Introduite le 21 août 2026, la requête a été portée par Modou Diagne, Khalifa Ababacar Sall, Samba Sy, Oumar Sarr et Abdou Mbow. Les requérants demandaient notamment de constater une carence du ministre chargé des élections, de l’administration électorale et de la Commission électorale nationale autonome (CENA).
Ils estimaient que le retard dans certaines opérations préparatoires portait atteinte au droit de suffrage, au droit de candidature et au principe d’égalité devant le scrutin. Ils réclamaient notamment la révision des listes électorales, la fixation de la caution et la publication d’un calendrier prévisionnel.
Le cadre légal
Pour justifier leur recours, les requérants invoquaient notamment les articles L.236 et L.269 du Code électoral. Ils rappelaient que les conseillers municipaux et départementaux, élus le 23 janvier 2022, disposent d’un mandat de cinq ans et soutenaient que leur renouvellement devait intervenir dans les trente jours précédant l’expiration de la cinquième année, soit au plus tard le 17 janvier 2027.
L’État du Sénégal avait, de son côté, soulevé l’incompétence du juge des référés ainsi que l’irrecevabilité du recours, jugé prématuré.
L’urgence au cœur du rejet
La Cour suprême a écarté les arguments relatifs à l’incompétence et à l’irrecevabilité. Elle rappelle notamment que le référé-liberté, prévu par l’article 85 de la loi organique sur la Cour suprême, peut être engagé contre une action ou une inaction de l’administration lorsqu’une liberté fondamentale est gravement et manifestement atteinte et qu’une situation d’urgence est caractérisée.
C’est précisément cette dernière condition qui n’a pas été retenue. Le juge rappelle que les articles L.230, L.236, L.265 et L.269 du Code électoral fixent à cinq ans la durée du mandat des conseillers municipaux et départementaux. Toutefois, les alinéas 3 des articles L.236 et L.269 permettent, lorsque les circonstances l’exigent, de déroger au délai de renouvellement prévu.

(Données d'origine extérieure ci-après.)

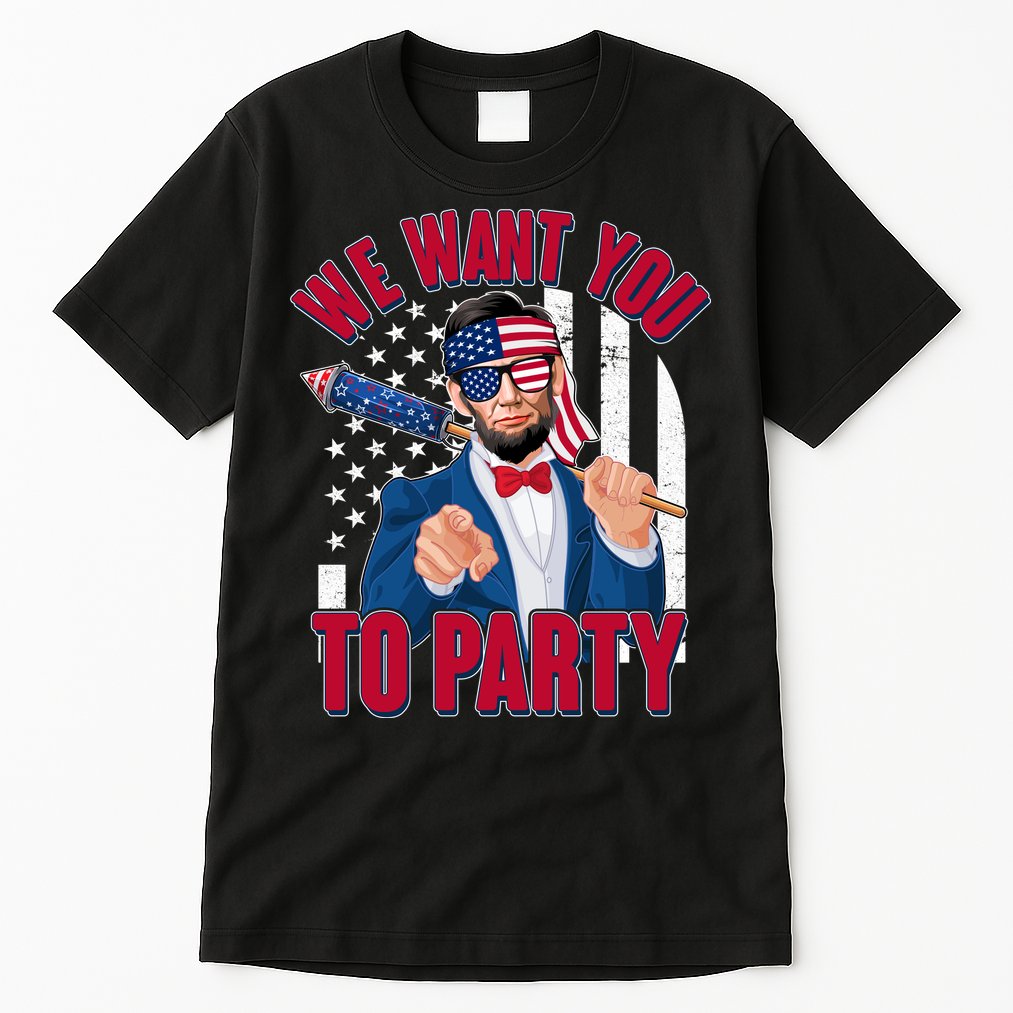 Abraham Lincoln We Want You To Party Tall T-Shirt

La Cour relève également que, si l’article L.63 prévoit que la date du scrutin est fixée par décret, aucune disposition du Code électoral n’impose un délai précis pour la prise de ce décret. Les élections doivent, en tout état de cause, se tenir au cours de la cinquième année du mandat.
La requête rejetée
Pour le juge, l’absence, à ce stade, du décret fixant la date des élections ne compromet donc pas leur organisation au regard du droit et des circonstances actuelles. Estimant que l’urgence n’est pas suffisamment caractérisée, la Cour suprême a ainsi rejeté la requête de Modou Diagne et des quatre autres requérants.
Le rejet est donc fondé non sur l’incompétence du juge ou l’irrecevabilité du recours, mais sur l’absence de la condition d’urgence exigée dans le cadre du référé-liberté.